**What the task requires**: This exercise asks for an exact copy of the lines from the one containing "1 Bedroom Apartment" through the final line of the material, with pictures omitted.

**Data to use**:
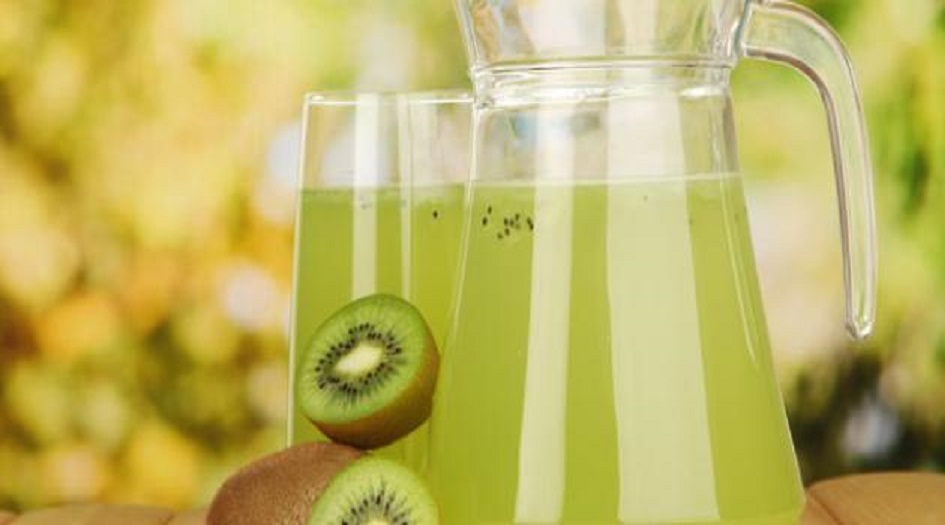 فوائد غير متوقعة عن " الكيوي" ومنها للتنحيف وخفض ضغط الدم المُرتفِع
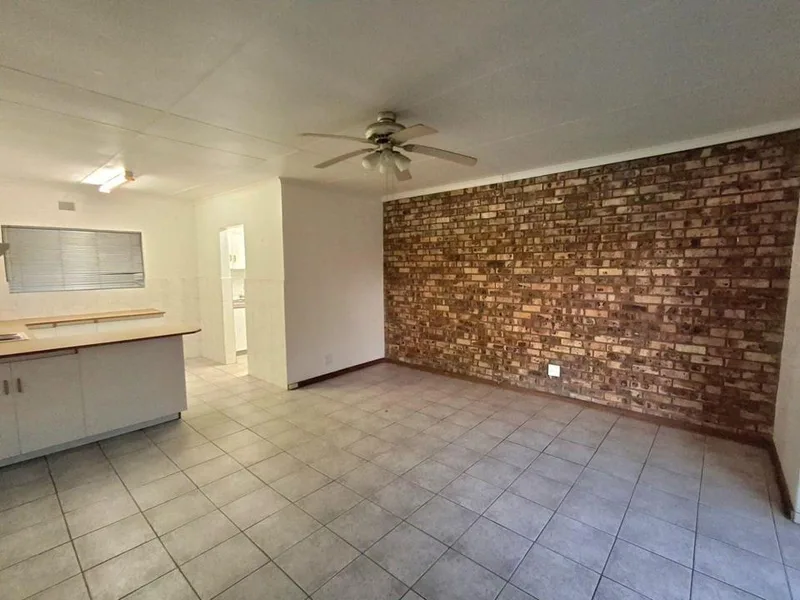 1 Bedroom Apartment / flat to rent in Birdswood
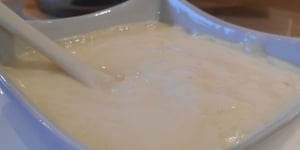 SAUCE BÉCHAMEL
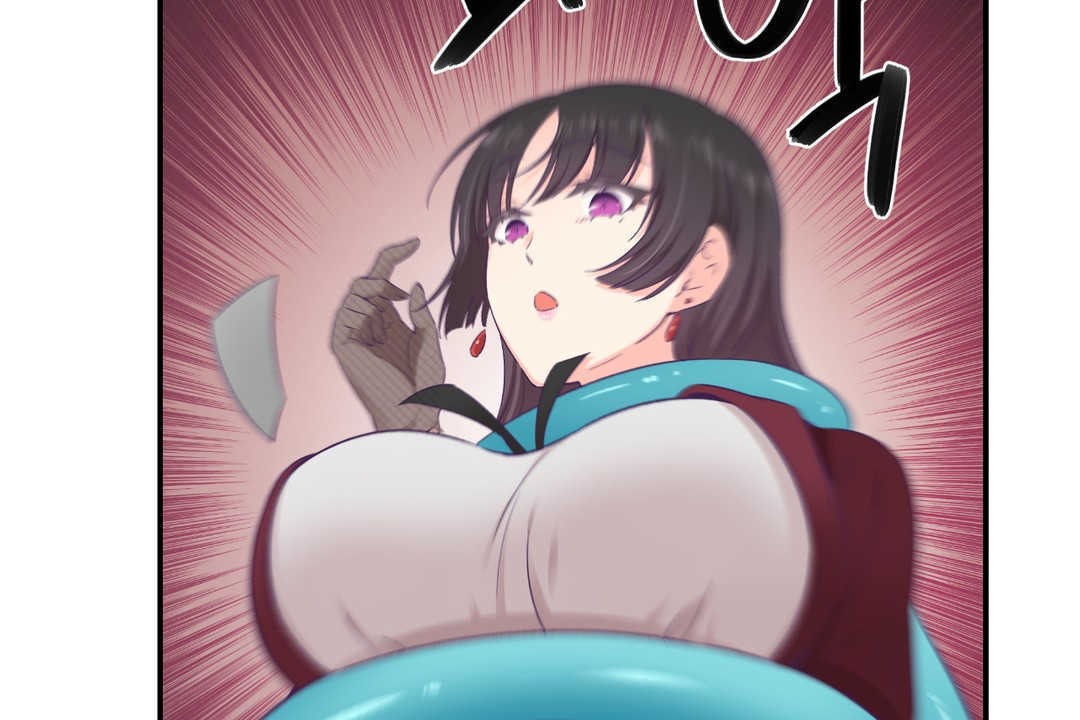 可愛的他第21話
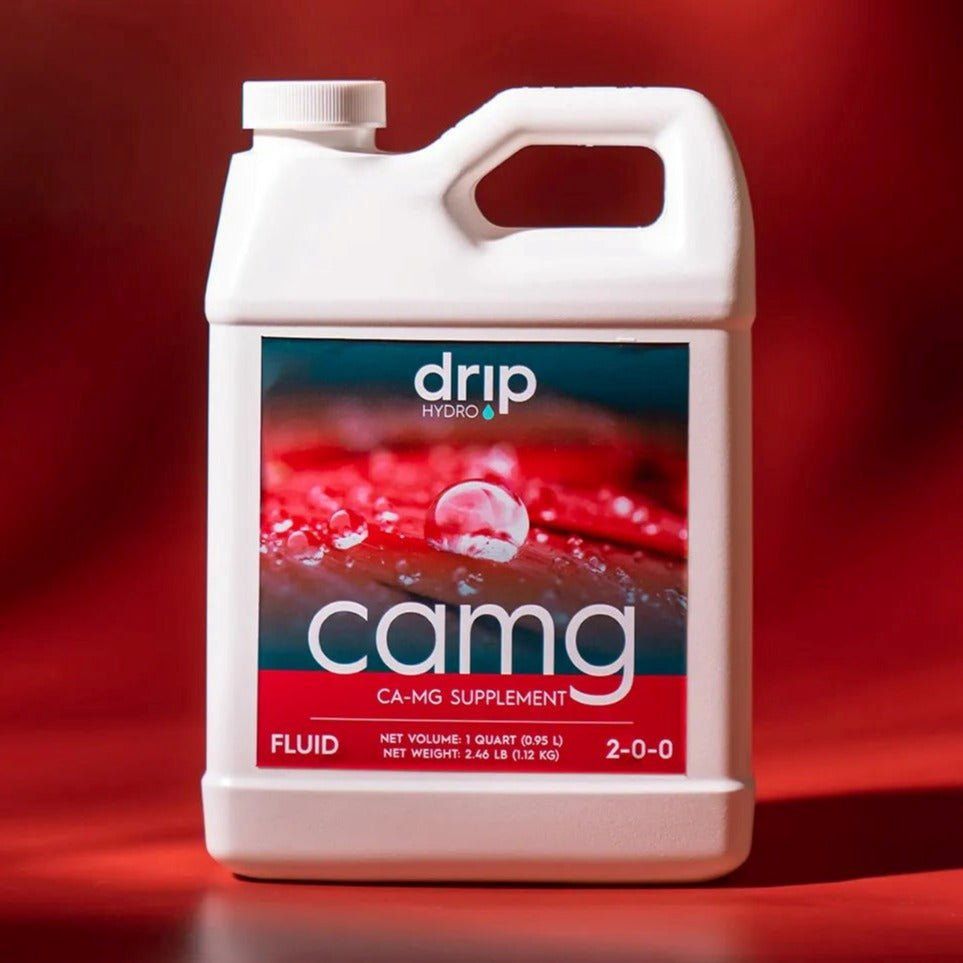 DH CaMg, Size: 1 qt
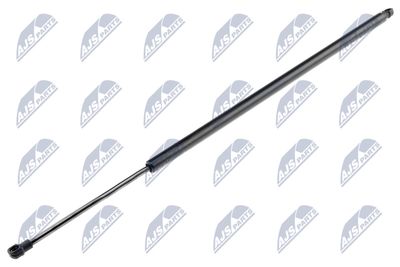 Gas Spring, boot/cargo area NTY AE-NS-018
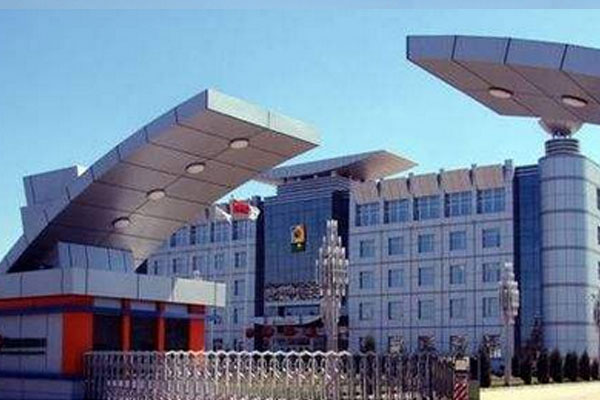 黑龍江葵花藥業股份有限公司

**Exercise answer**:
 1 Bedroom Apartment / flat to rent in Birdswood
 SAUCE BÉCHAMEL
 可愛的他第21話
 DH CaMg, Size: 1 qt
 Gas Spring, boot/cargo area NTY AE-NS-018
 黑龍江葵花藥業股份有限公司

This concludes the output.